This repository is the result of my curiosity to find out whether ShelfNet is an efficient CNN architecture for computer vision tasks other than semantic segmentation, and more specifically for the human pose estimation task. The answer is a clear yes, with 74.6 mAP and 127 FPS on the MS COCO Keypoints data set which represents a 3.5x boost in FPS compared to HRNet for a similar accuracy.
This repository includes:
-
Source code of ShelfNet modified from the authors' repository
-
Code to prepare the MS COCO keypoints dataset
-
Training and evaluation code for MS COCO keypoints modified from the HRNet authors' repository
-
Pre-trained weights for ShelfNet50
If you use it in your projects, please consider citing this repository (bibtex below).
The ShelfNet architecture was introduced by J. Zhuang, J. Yang, L. Gu and N. Dvornek through a paper available on arXiv. The paper evaluates the network only on the semantic segmentation task. The authors' contribution is to have created a fast architecture with a performance similar to the state of the art (PSPNet & EncNet at the time of publishing this repository) on PASCAL VOC and better performance on Cityscapes. Therefore, ShelfNet is presently one of the most suitable architectures for real-world applications with resource constraints.

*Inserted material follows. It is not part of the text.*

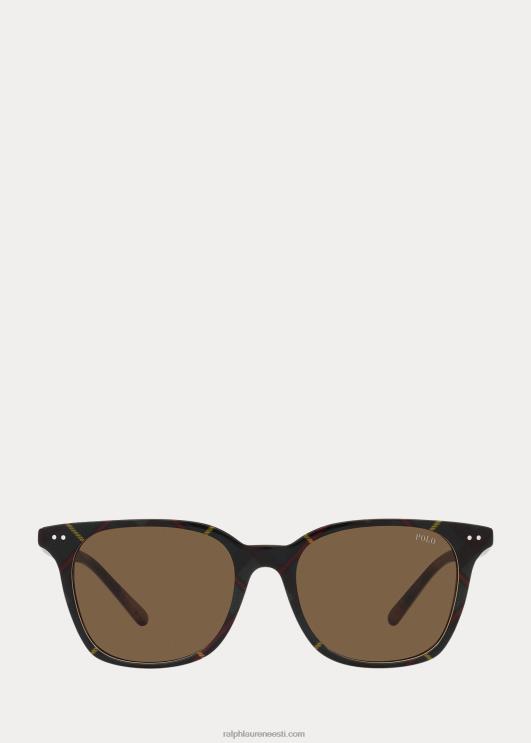 Ralph Lauren mehed ruudulised ruudukujulised päikeseprillid PR0V8758 läikiv kleit gordon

As depicted above, ShelfNet uses a ResNet backbone combined with 2 encoder/decoder branches. The first encoder (in green?) reduces channel complexity by a factor 4 for faster inference speed. The S-block is a residual block with shared-weights to significantly reduce the number of parameters. The network uses strided convolutions for down-sampling and transpose convolutions for up-sampling. The structure can be seen as an ensemble of FCN where the information flows through many different paths, resulting in increased accuracy.

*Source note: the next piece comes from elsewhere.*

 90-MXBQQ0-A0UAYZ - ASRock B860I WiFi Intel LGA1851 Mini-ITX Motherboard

This section reports test results for ShelfNet50 on the famous MS COCO KeyPoints dataset, and makes a comparison with the state of the art HRNet. All experiments use the same person detector which has AP of 56.4 on COCO val2017 dataset. You can find the download link on the HRNet repository. A single Titan RTX with 24GB RAM was used for the ShelfNet50 experiments. The batch size is 128 for an input size of 256x192 and 72 for 384x288.
Architecture | Input size | Parameters | AP | AR | Memory size | FPS |
---|---|---|---|---|---|---|
pose_hrnet_w32 | 256x192 | 28.5M | 0.744 | 0.798 | 931 MB | 37.4 |
pose_hrnet_w32 | 384x288 | 28.5M | 0.758 | 0.809 | 957 MB | 37.6 |
pose_hrnet_w48 | 256x192 | 63.6M | 0.751 | 0.804 | 1083 MB | 37.7 |
pose_hrnet_w48 | 384x288 | 63.6M | 0.763 | 0.812 | 1103 MB | 36.7 |
------------------------- | ------------- | ------------- | --------- | --------- | ------------- | --------- |
shelfnet_50 | 256x192 | 38.7M | 0.725 | 0.782 | 1013 MB | 127.3 |
shelfnet_50 | 384x288 | 38.7M | 0.746 | 0.797 | 1033 MB | 127.7 |
I'm providing pre-trained weights for ShelfNet50 to make it easier to start. The test accuracies are obtained without providing the ground truth bounding boxes.
Model | AP |
---|---|
ShelfNet50_256x192 | 0.725 |
ShelfNet50_384x288 | 0.746 |
You can train and evaluate directly from the command line as such:
# Train ShelfNet on COCO
python train.py --cfg coco/shelfnet/shelfnet50_384x288_adam_lr1e-3.yaml
# Test ShelfNet on COCO
python test.py --cfg coco/shelfnet/shelfnet50_384x288_adam_lr1e-3.yaml TEST.MODEL_FILE ../output/coco/shelfnet/shelf_384x288_adam_lr1e-3/model_best.pth TEST.USE_GT_BBOX False
| Arch | AP | Ap .5 | AP .75| AP (M)| AP (L)| AR | AR .5 | AR .75| AR (M)| AR (L)|
|------------|-------|-------|-------|-------|-------|-------|-------|-------|-------|-------|
| shelfnet | 0.746 | 0.901 | 0.814 | 0.706 | 0.818 | 0.797 | 0.938 | 0.858 | 0.752 | 0.862 |
Python 3.7, Torch 1.3.1 or greater, requests, tqdm, yacs, json_tricks, and pycocotools. Contrary to the ShelfNet repository, this repository is not based on torch-encoding.
Use this bibtex to cite this repository:
@misc{fmahoudeau_shelfnet_human_pose_2020,
title={ShelfNet for Human Pose Estimation},
author={Florent Mahoudeau},
year={2020},
publisher={GitHub},
journal={GitHub repository},
howpublished={\url{https://github.com/fmahoudeau/ShelfNet-Human-Pose-Estimation}},
}